But there's a flip side to all these advantages: If D.C. can't fix its schools in this context, probably no one can. And the first indications from the Obama administration have been ominous: As part of an omnibus spending bill in March 2009, union-backed Democratic legislators gratuitously killed a promising pilot program for school vouchers in the District. Meanwhile, the fate of reform hangs in the balance of a long, increasingly tense standoff between superintendent Michelle Rhee and the all-powerful teachers unions over the fundamental question of hiring and firing instructors. Depending on which side blinks first, education reform in America could be a long-lost dream come true or simply a lost cause.

'You Don't Want Me for This Job'

Michelle Rhee was an unlikely candidate to take over the D.C. school system, let alone wind up on the covers of both Time and Newsweek. "I was like the least obvious choice," says Rhee, whose verbal mannerisms are those of a recent college grad. The person who suggested Rhee to D.C.Mayor Adrian Fenty did so with a few caveats: "She's 37 years old, she's Korean, and she's never run a school district."

In fact, Rhee's only in-school experience was two years in Baltimore as a recruit for Teach for America, a nonprofit that places new college grads in troubled inner-city and rural schools for two-year teaching stints. In 1997 she founded The New Teacher Project, another nonprofit, which brings highly qualified teachers--people who are credentialed in the subjects they teach--to public schools. She was busy running that project when Fenty called.

Rhee immediately told the D.C. mayor, "You don't want me for this job." With a bluntness for which she would later become famous, she explained, "If I were to take over the school district, the kinds of things that I would have to do to transform the district"--closing schools, firing teachers--"would just cause you headaches, political headaches. And that's not what politicians want. Politicians don't want the dirt to get kicked up. They want everyone to be happy." Fenty swore indifference to the political ruckus, and, much to Rhee's surprise, he has so far remained true to his word. Rhee enjoys near dictatorial powers within the system, thanks to the absence of a school board, and she has used them to the fullest possible extent. "The man has not blinked once," she says.

Rhee has become the Great Korean Hope for school reform advocates around the nation and a lightning rod for criticism locally. D.C. publications follow her every move. Blogs are devoted exclusively to hating everything from her policy proposals to her hairstyle. Almost every move she makes draws headlines. And no wonder: Rhee's approach goes right to the heart of a decades-long political debate about what schools really need, more money or fewer lousy teachers. On that question her position is clear: No real change is possible unless good teachers are hired and bad teachers fired.

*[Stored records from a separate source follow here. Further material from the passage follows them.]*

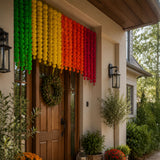 A vibrant rainbow-colored artificial marigold garland hanging above a wooden door for festive decoration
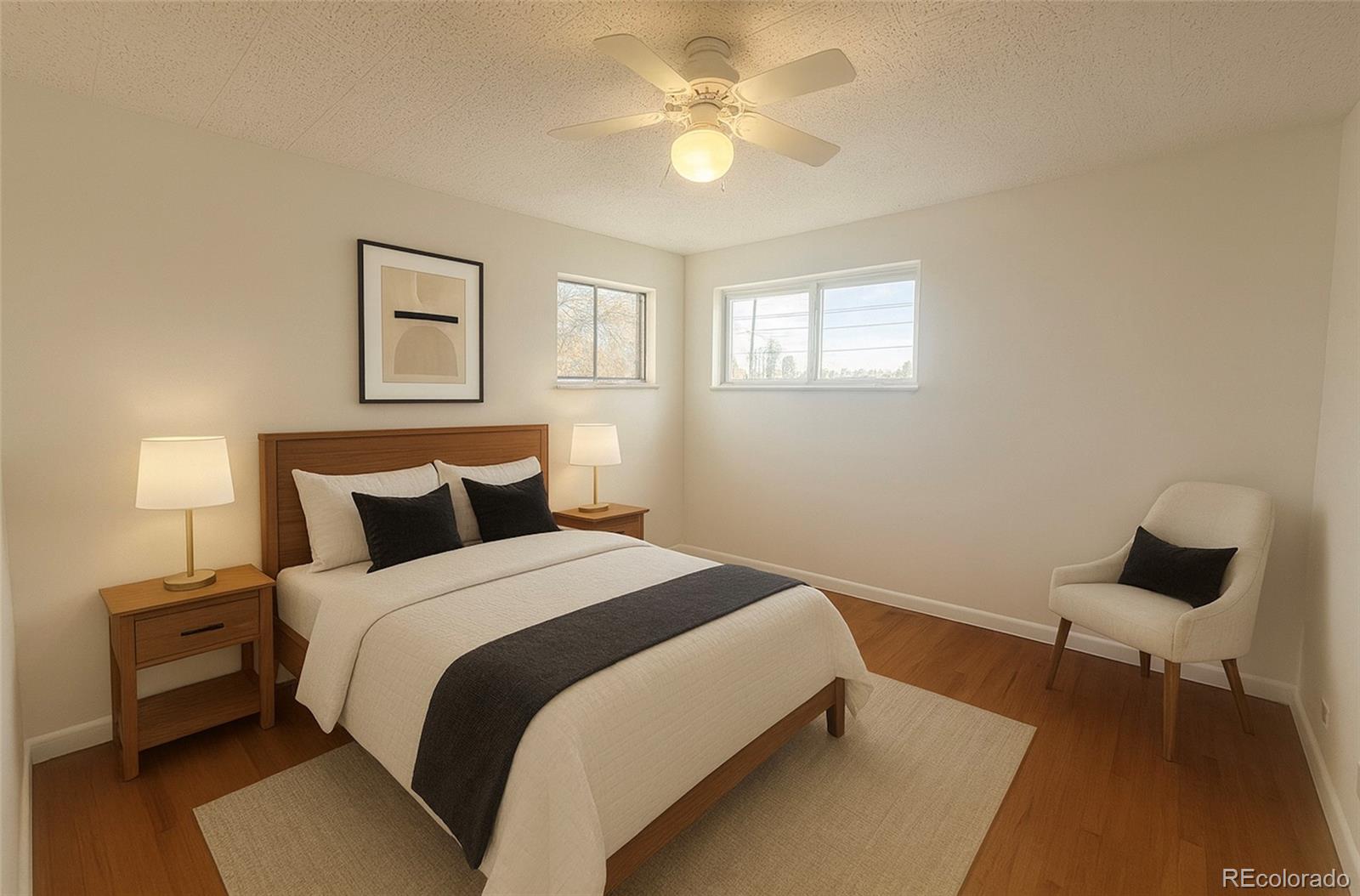 2355 Ames Street Edgewater, CO 80214 - Photo 6 of 29 a bedroom with a bed and a chandelier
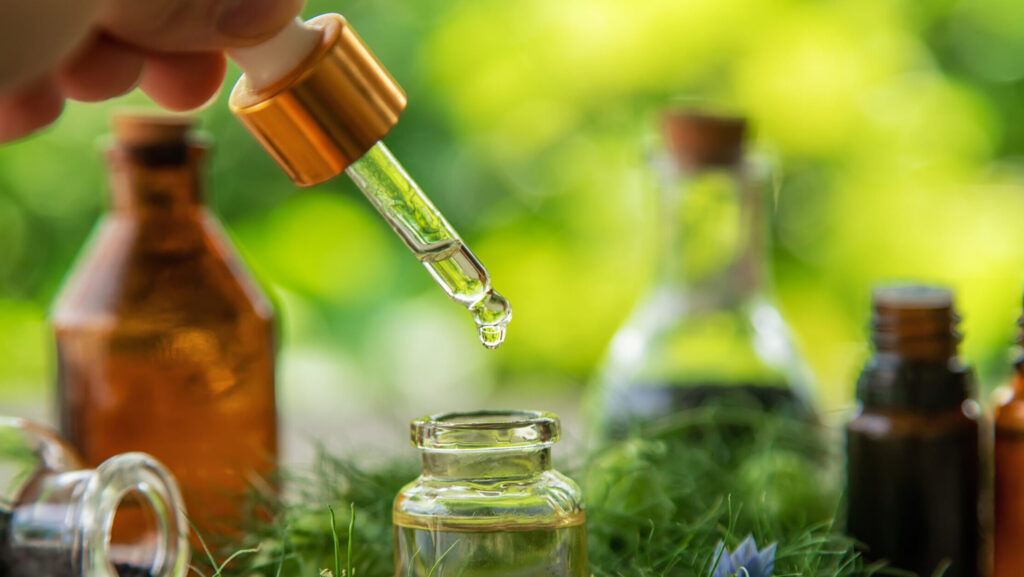 Black cumin oil in a bottle. Selective focus. Nature.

Within months of taking office, Rhee foreshadowed the bloodbath that lay ahead by firing 30 percent of the school's central bureaucracy. She commissioned an outside audit of school records. (Her staff is still finding rooms filled with unmarked file boxes and cabinets with no keys.) As her first year ticked away, Rhee staffed the human resources department with her own people, installed modern payroll systems, and generally tidied up the back office. Before her first school year started, she found 68 people on the books with no discernible duties, 55 teachers, three aides, and 10 assistant principals, costing a total of $5.4 million a year. She closed 25 under-performing schools (in a district that has 129) and replaced half of the system's principals with candidates hand-selected by her personal staff and interviewed by Rhee herself.

In July 2008, Rhee revealed her opening gambit with the teachers union: She offered the teachers a whole lot of money. Under her proposal, educators would have two choices. With the first option, teachers would get a $10,000 bonus--a bribe, really--and a 20 percent raise. Nothing else would change. Benefits, rights, and privileges would remain as they were. Under the second option, teachers would receive a $10,000 bonus, a 45 percent increase in base salary, and the possibility of total earnings up to $131,000 a year through bonuses tied to student performance. In exchange, they would have to forfeit their tenure protections. To make good on her financial promises, Rhee lined up money from private donors; she has been close-mouthed about their identities, but The Washington Post has reported that likely contributors include Bill and Melinda Gates and Michael and Susan Dell.

Says Rhee: "I thought, this is brilliant. Everybody talks about how teachers don't get paid enough; I'm going to pay teachers six-figure salaries! I'm going to pay the best teachers twice...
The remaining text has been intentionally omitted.